**Work instructions:**
Each line in the material below must be transcribed exactly; no picture belongs in the copy.
------ Records shown
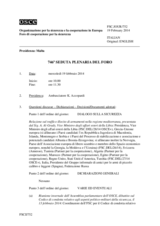 Giornale della 746a Seduta plenaria del Foro di cooperazione per la sicurezza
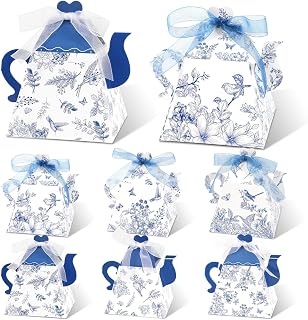 24Pcs Mini Blue and White Flower Party Gift Box Tea Party Teapot Candy Box with Chinoiserie Floral Printed Party Supplies For Wedding Bridal Birthday Baby Shower Treat Box for Tea Party Decor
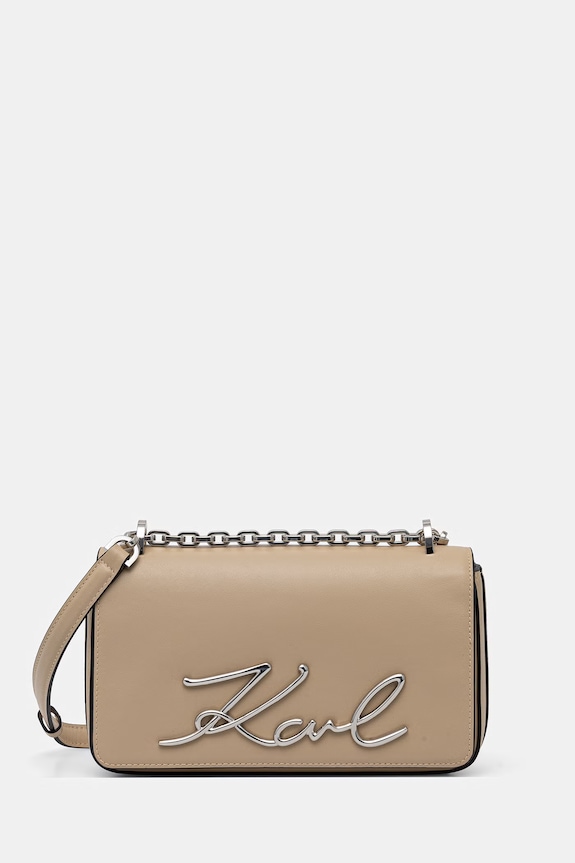 Karl Lagerfeld сумка крос-боді жіноча шкіряна K/SIGNATURE бежевий B1W30046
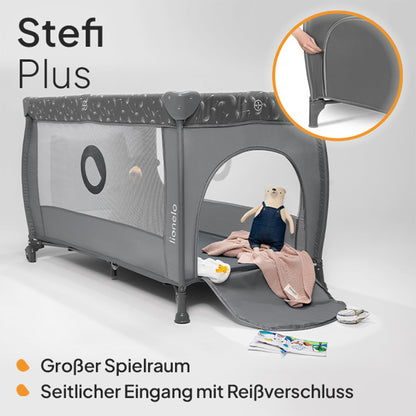 Lionelo Stefi Plus reisivoodi kuni 15 kg (2-tasandiline), hall-valge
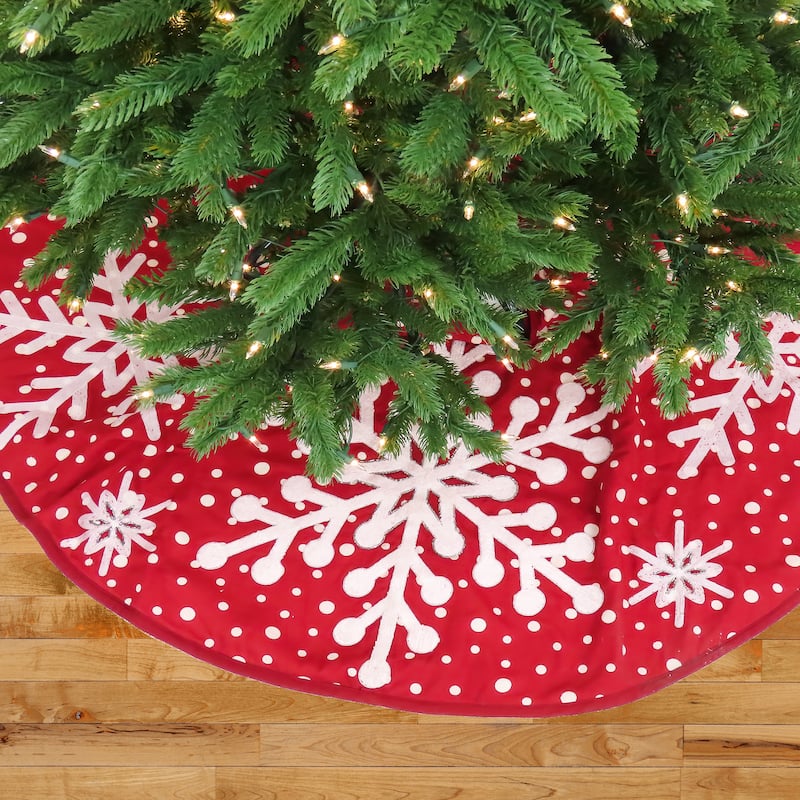 National Tree Company 52 in. HGTV Home Collection Tree Skirt Red Base With White Snowflake Embroidery And Dot Print, Red - 52 in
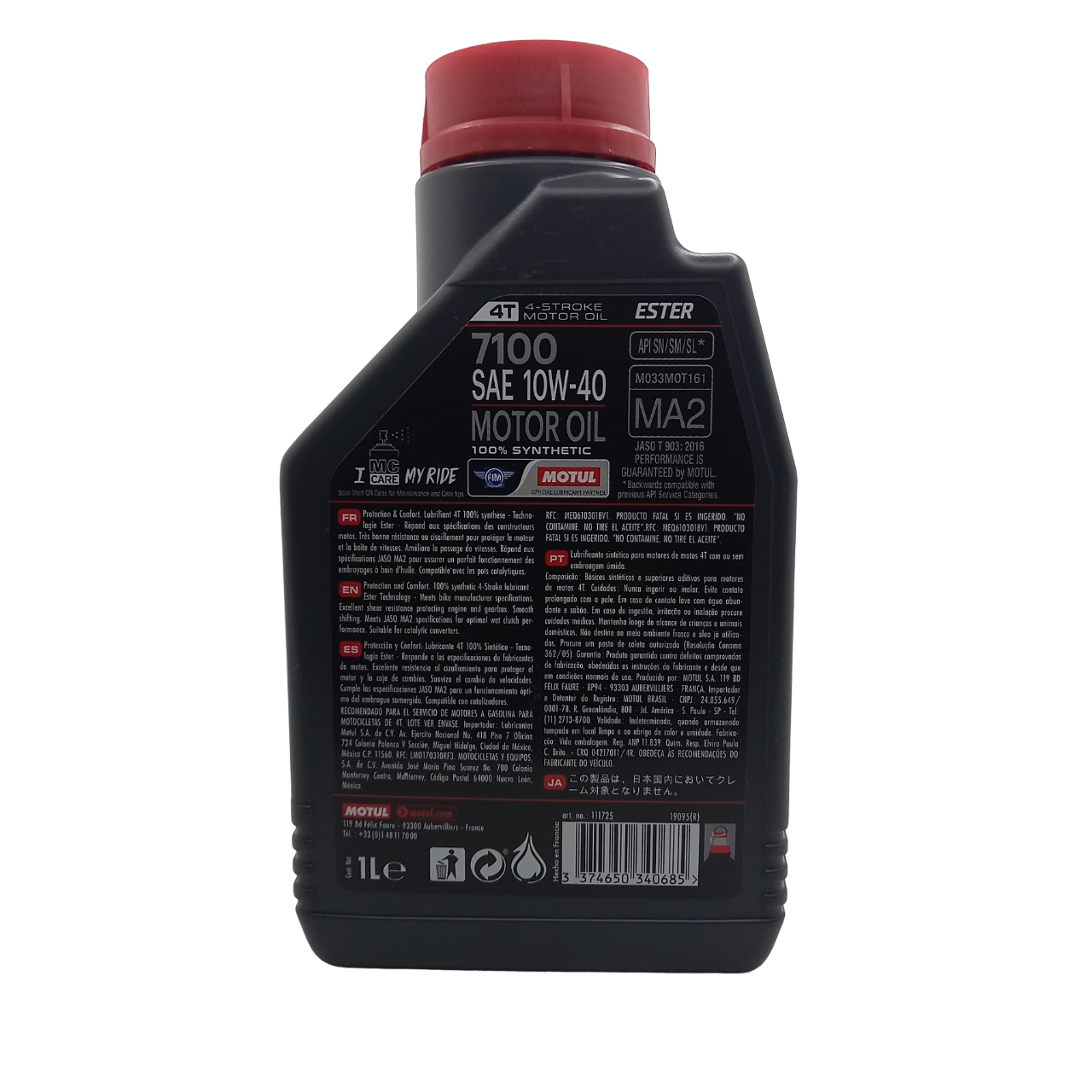 Aceite Motul 7100 SAE10W-40 Sintetico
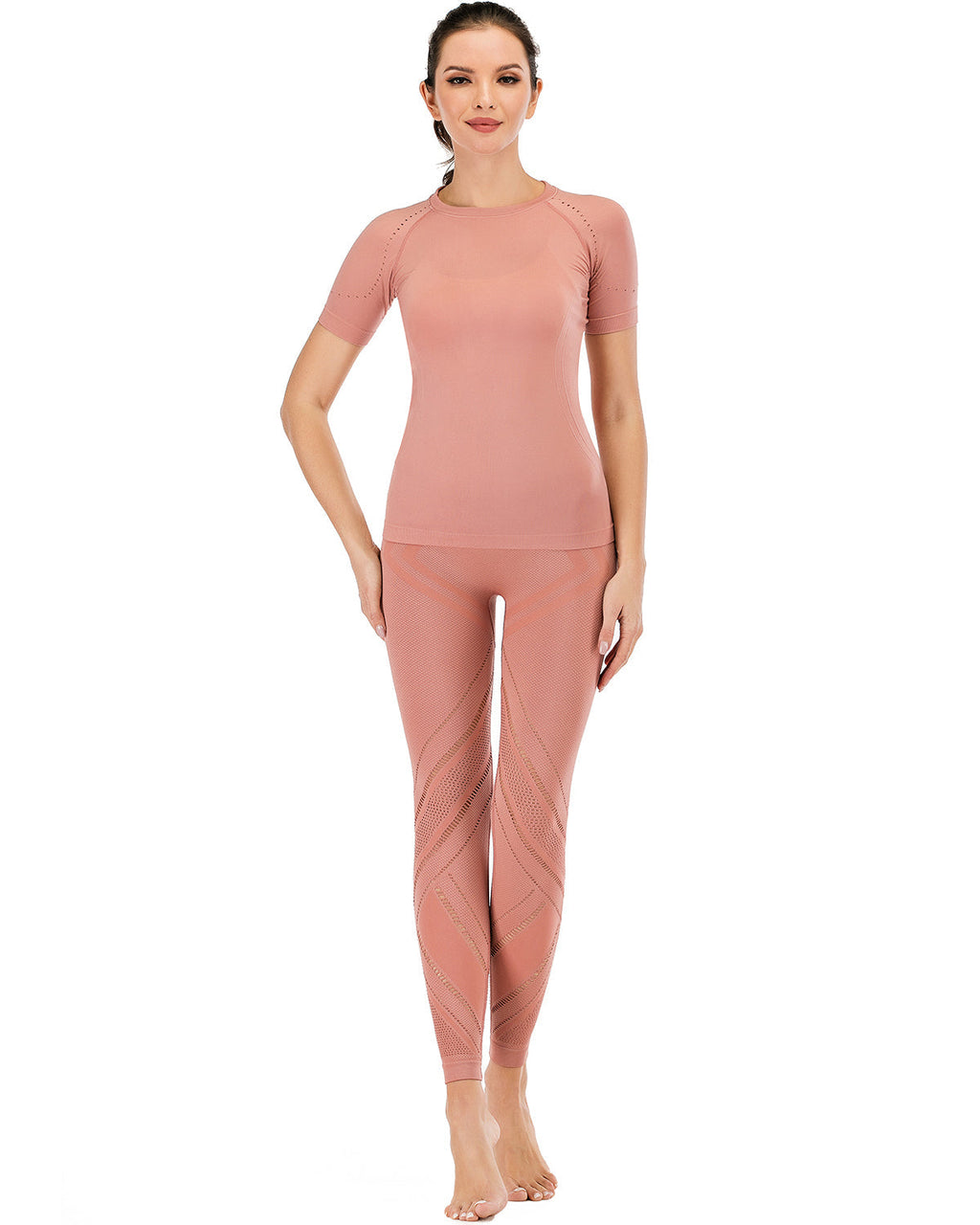 Chantele – Leggings mit Hohlsaum – Rosa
------------
**Solution for this task:**
 Giornale della 746a Seduta plenaria del Foro di cooperazione per la sicurezza
 24Pcs Mini Blue and White Flower Party Gift Box Tea Party Teapot Candy Box with Chinoiserie Floral Printed Party Supplies For Wedding Bridal Birthday Baby Shower Treat Box for Tea Party Decor
 Karl Lagerfeld сумка крос-боді жіноча шкіряна K/SIGNATURE бежевий B1W30046
 Lionelo Stefi Plus reisivoodi kuni 15 kg (2-tasandiline), hall-valge
 National Tree Company 52 in. HGTV Home Collection Tree Skirt Red Base With White Snowflake Embroidery And Dot Print, Red - 52 in
 Aceite Motul 7100 SAE10W-40 Sintetico
 Chantele – Leggings mit Hohlsaum – Rosa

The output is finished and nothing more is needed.